WORK REQUEST: Only the pictures are dropped. Restate each line below word for word.

INPUT MATERIAL:
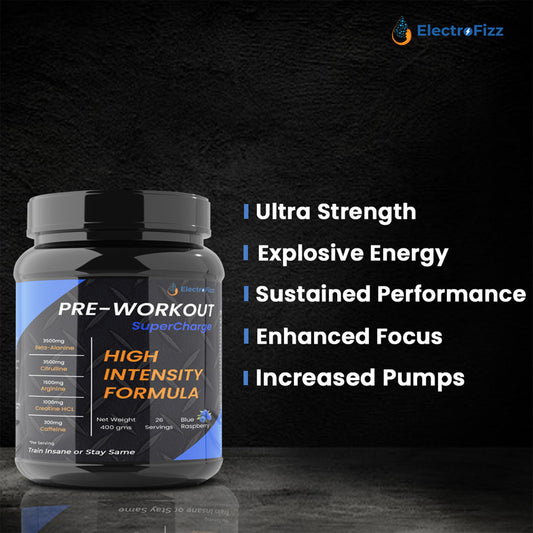 ElectroFizz Pre-Workout SuperCharge Blue Raspberry Flavour, 400gm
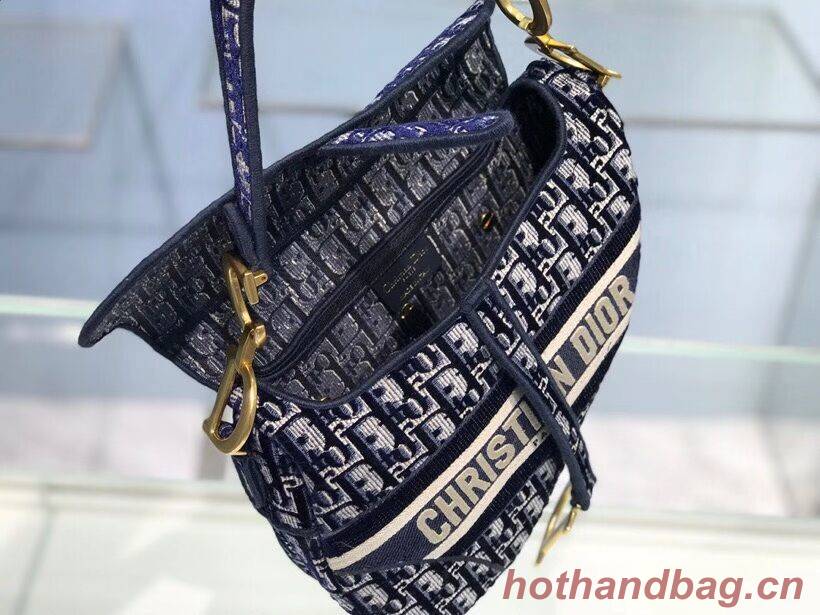 SADDLE BAG Dior Oblique Embroidered Velvet C0044 blue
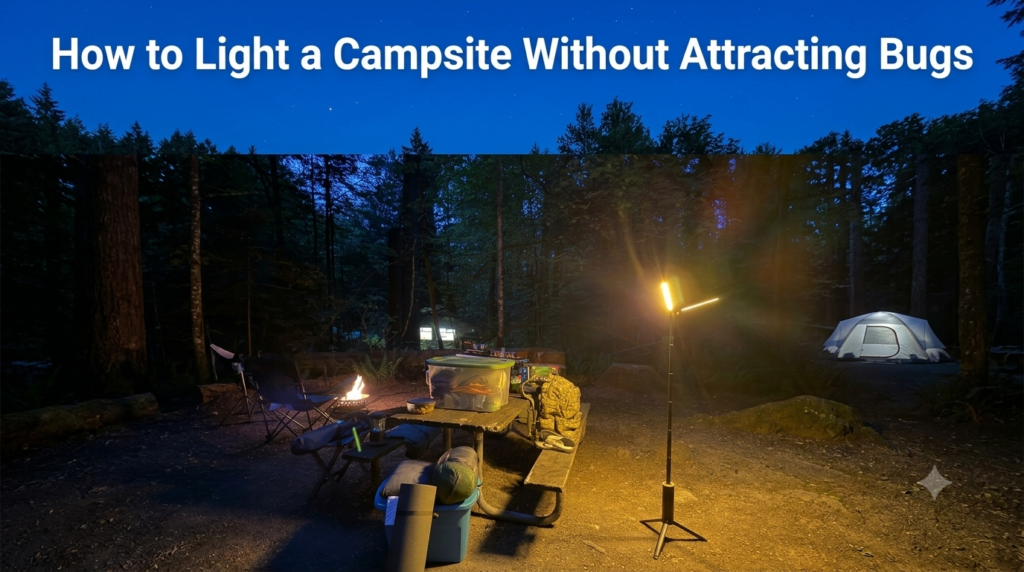 BougeRV T1 telescopic camping light using warm light at a campsite at night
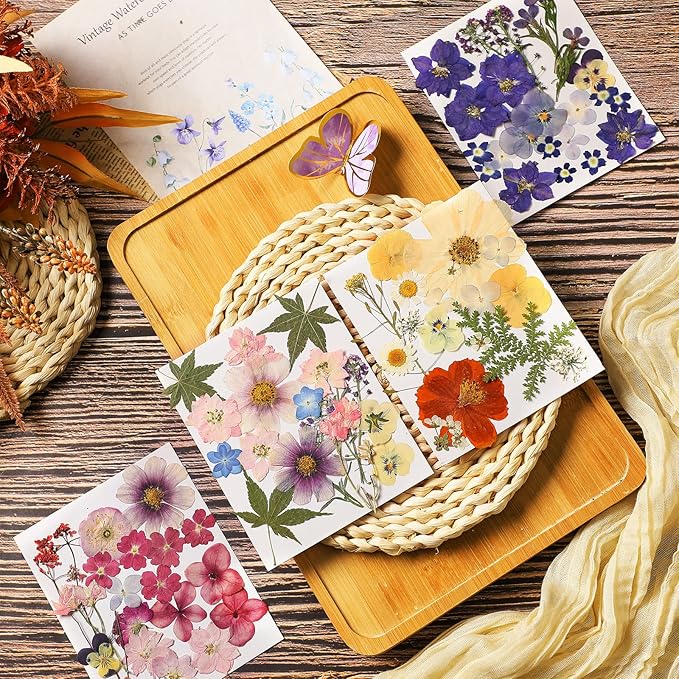 Nuanchu Dried Pressed Flowers for Crafts Resin Pressed Flowers Bulk Purple Dried Wildflowers Leave Natural with Tweezer DIY Christmas Crafts Supplies for Resin Mold Scrapbooking Nail Soap Making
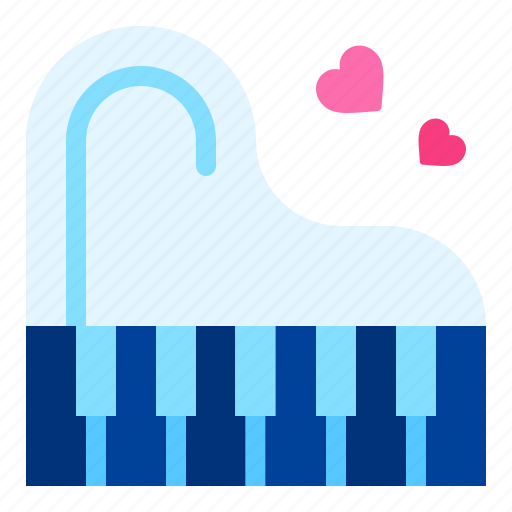 Piano, music, instrument, heart, love, and, romance icon - Download on Iconfinder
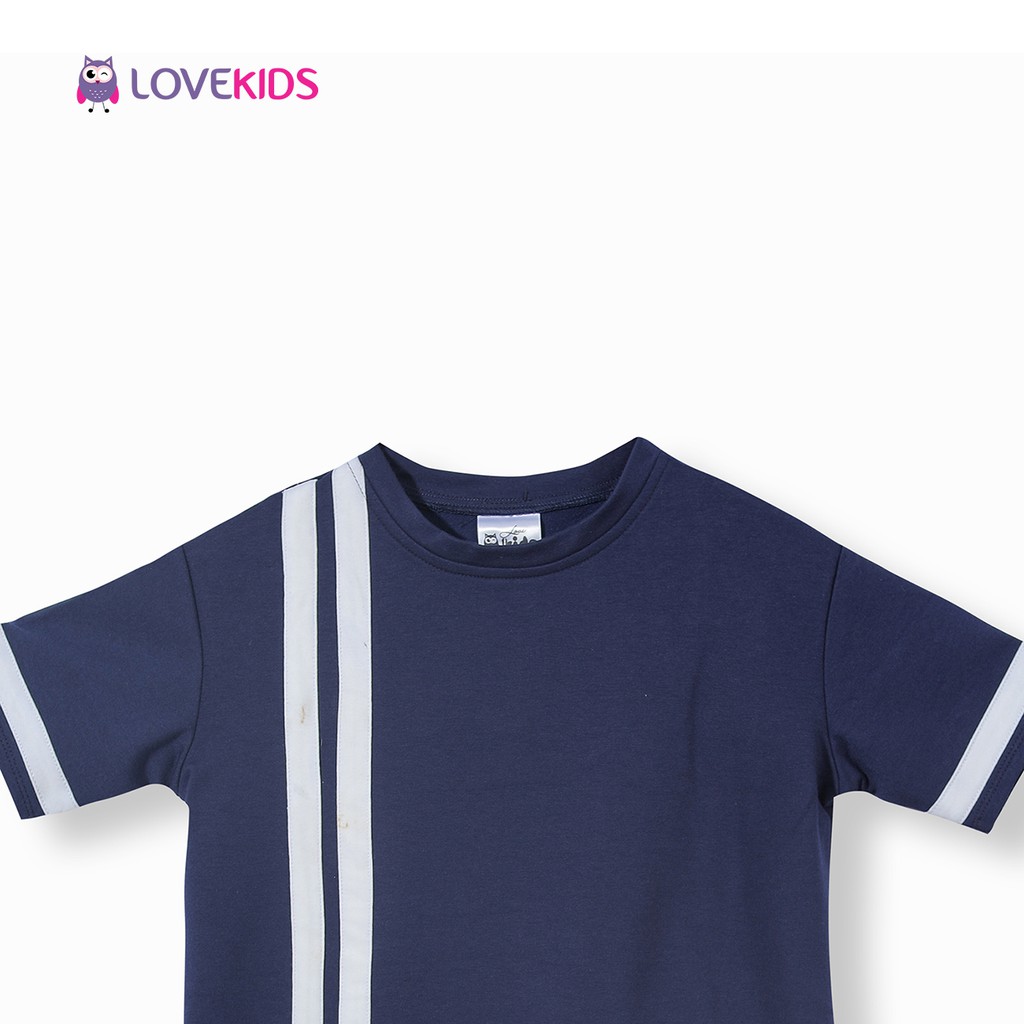 Váy thun xanh phối kẻ LK0213 - Lovekids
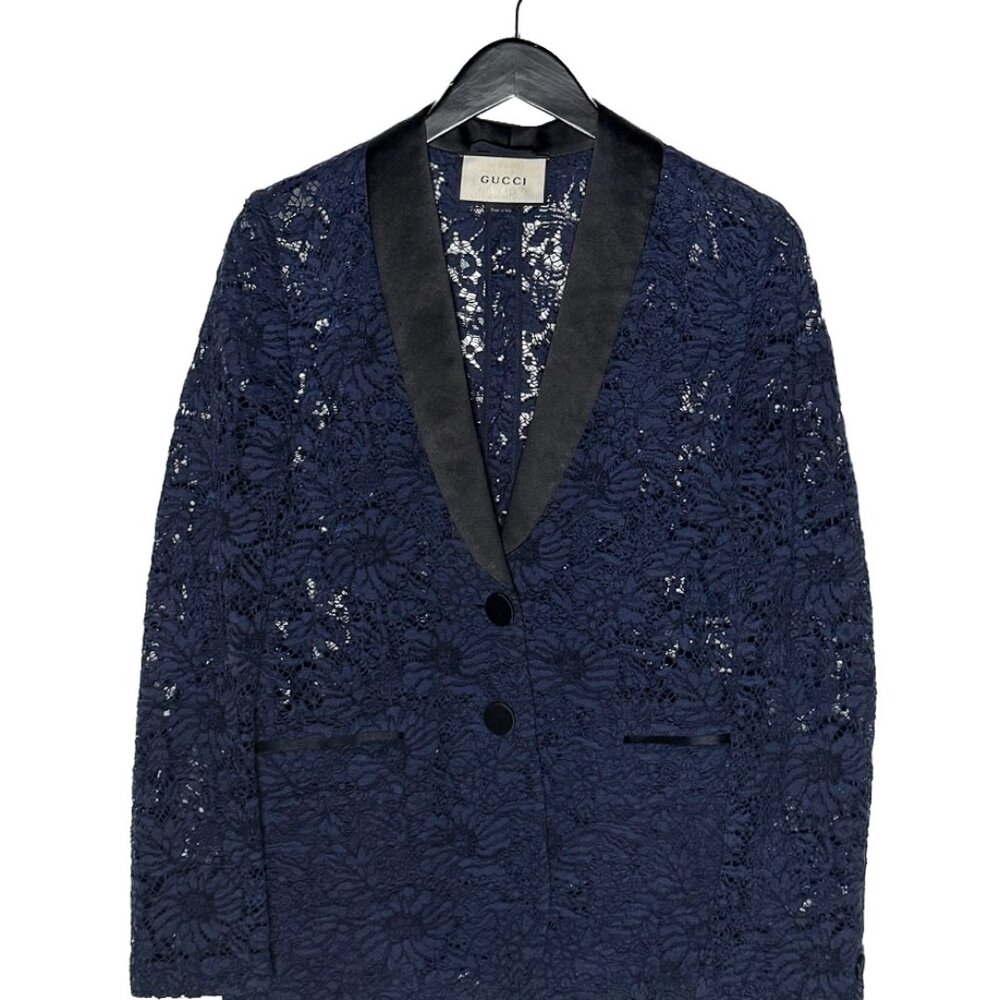 Gucci Navy Blue Lace Satin Tuxedo Lapel Blazer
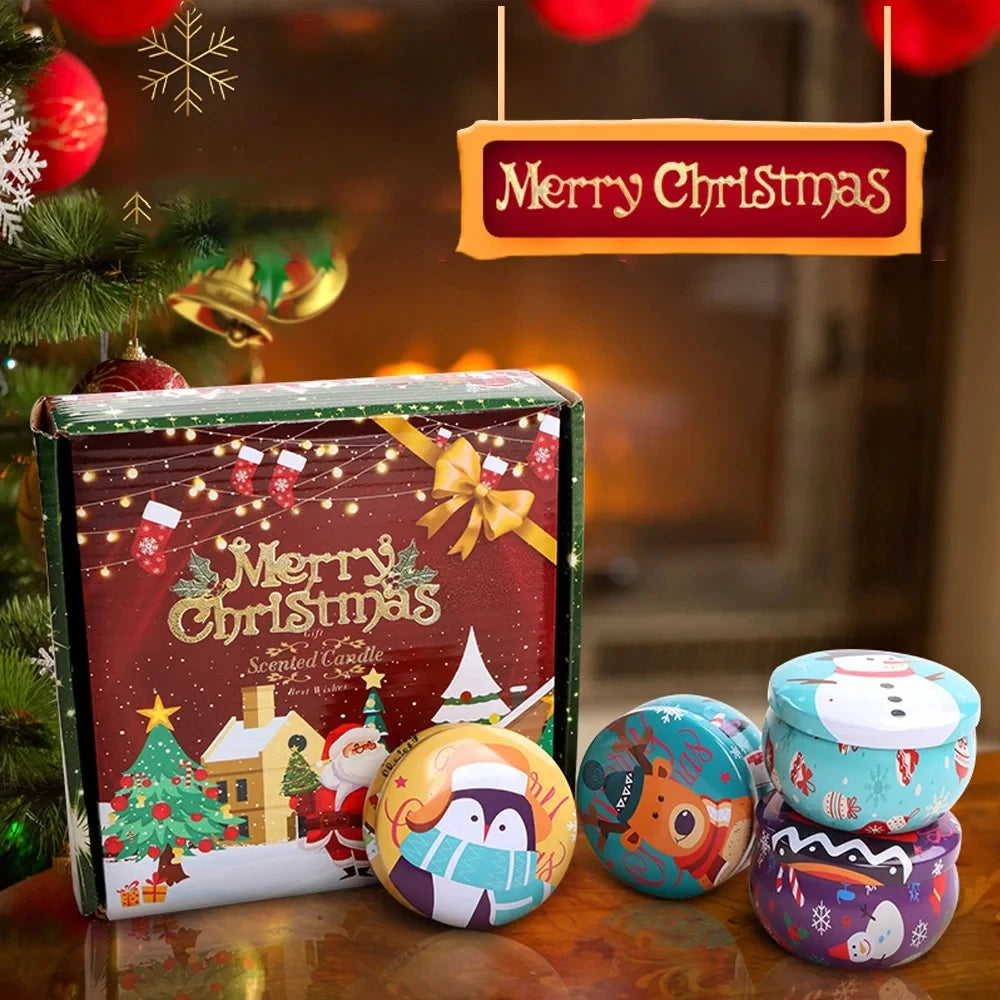 1 Box of 6 Tin Can Candle Set Soy Wax Essential Oil Dried Floral Scented Candle Gift Set Wedding Birthday Gift Home Decoration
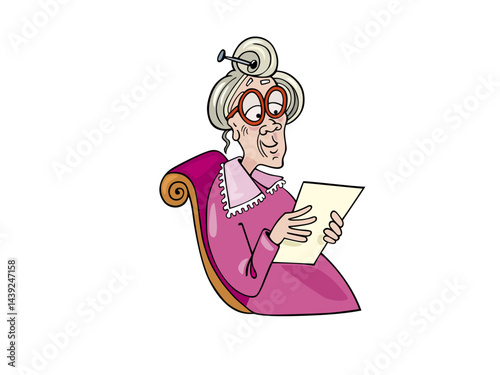 Grandma Reading A Letter From Family With Love And Attention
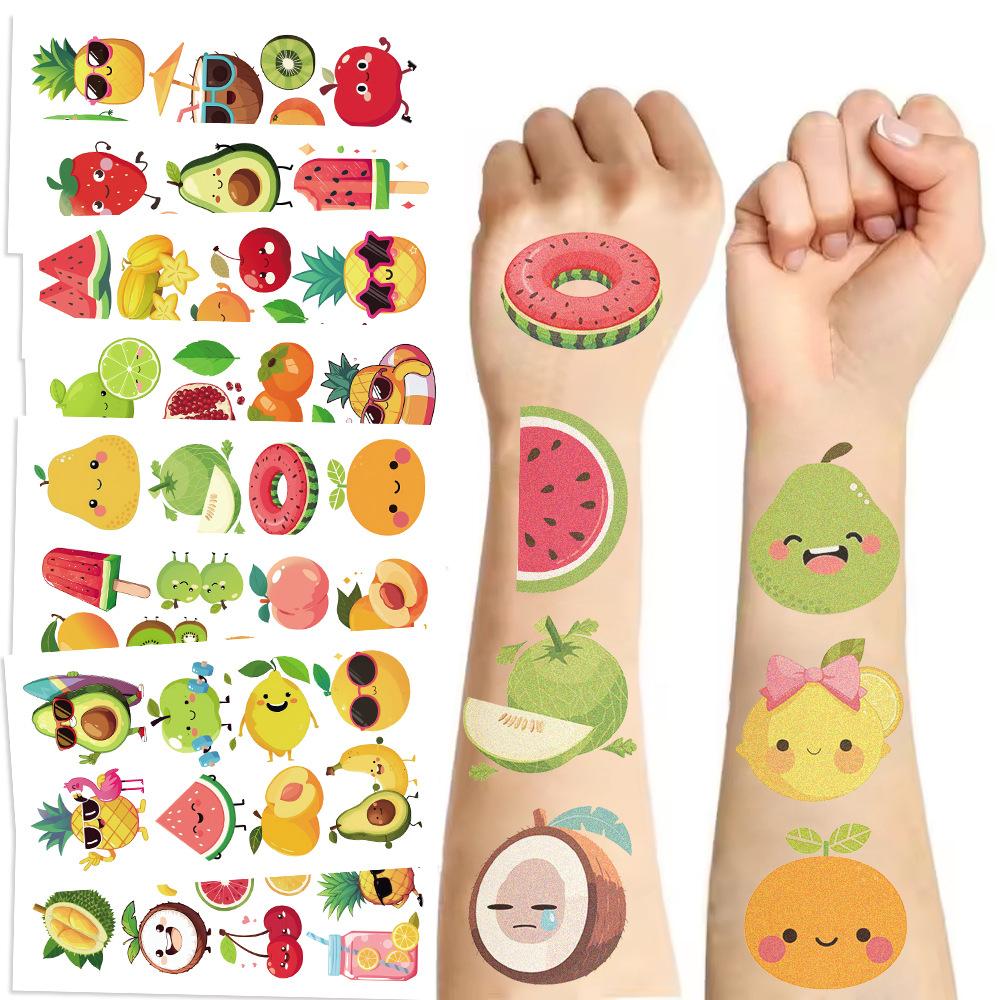 New Cartoon Fruit Disposable Tattoo Stickers Waterproof Party Gift Funny Face Stickers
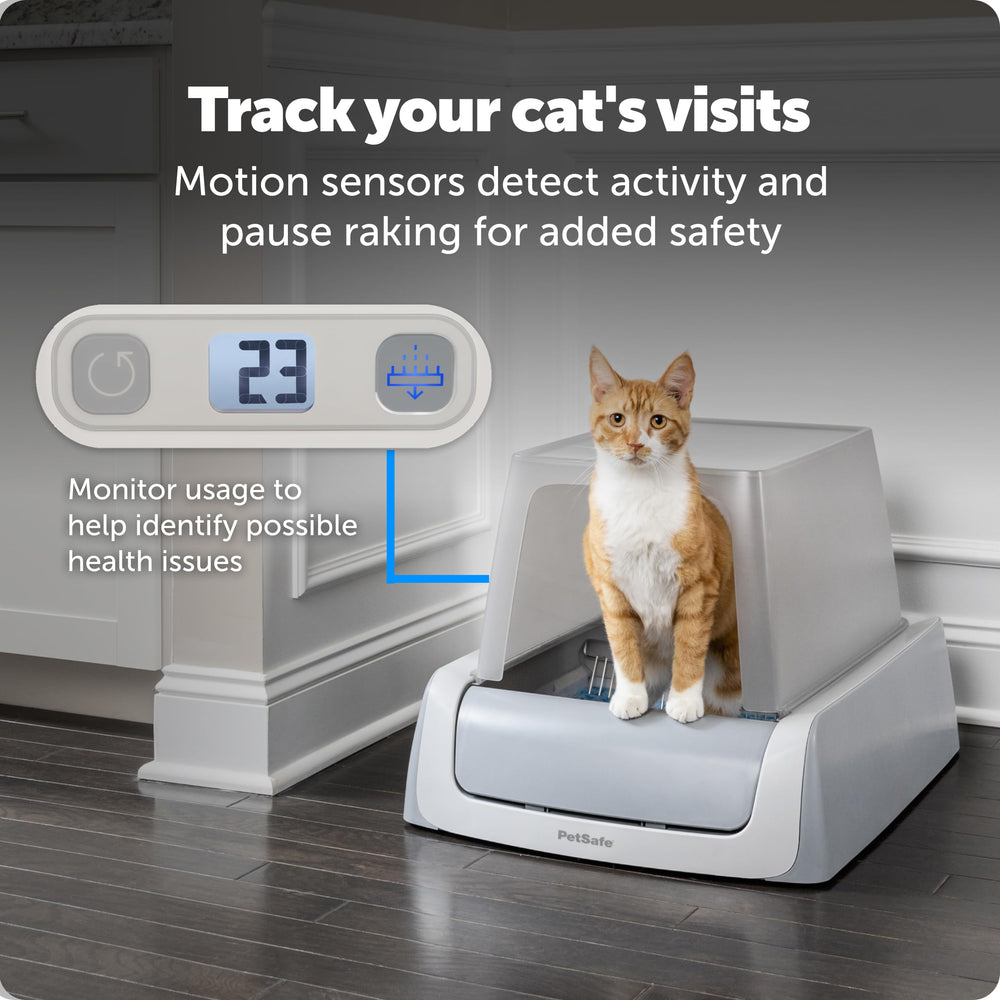 PetSafe ScoopFree Crystal Pro Legacy privacy cover provides secluded bathroom.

RESPONSE TO THE EXERCISE:
 ElectroFizz Pre-Workout SuperCharge Blue Raspberry Flavour, 400gm
 SADDLE BAG Dior Oblique Embroidered Velvet C0044 blue
 BougeRV T1 telescopic camping light using warm light at a campsite at night
 Nuanchu Dried Pressed Flowers for Crafts Resin Pressed Flowers Bulk Purple Dried Wildflowers Leave Natural with Tweezer DIY Christmas Crafts Supplies for Resin Mold Scrapbooking Nail Soap Making
 Piano, music, instrument, heart, love, and, romance icon - Download on Iconfinder
 Váy thun xanh phối kẻ LK0213 - Lovekids
 Gucci Navy Blue Lace Satin Tuxedo Lapel Blazer
 1 Box of 6 Tin Can Candle Set Soy Wax Essential Oil Dried Floral Scented Candle Gift Set Wedding Birthday Gift Home Decoration
 Grandma Reading A Letter From Family With Love And Attention
 New Cartoon Fruit Disposable Tattoo Stickers Waterproof Party Gift Funny Face Stickers
 PetSafe ScoopFree Crystal Pro Legacy privacy cover provides secluded bathroom.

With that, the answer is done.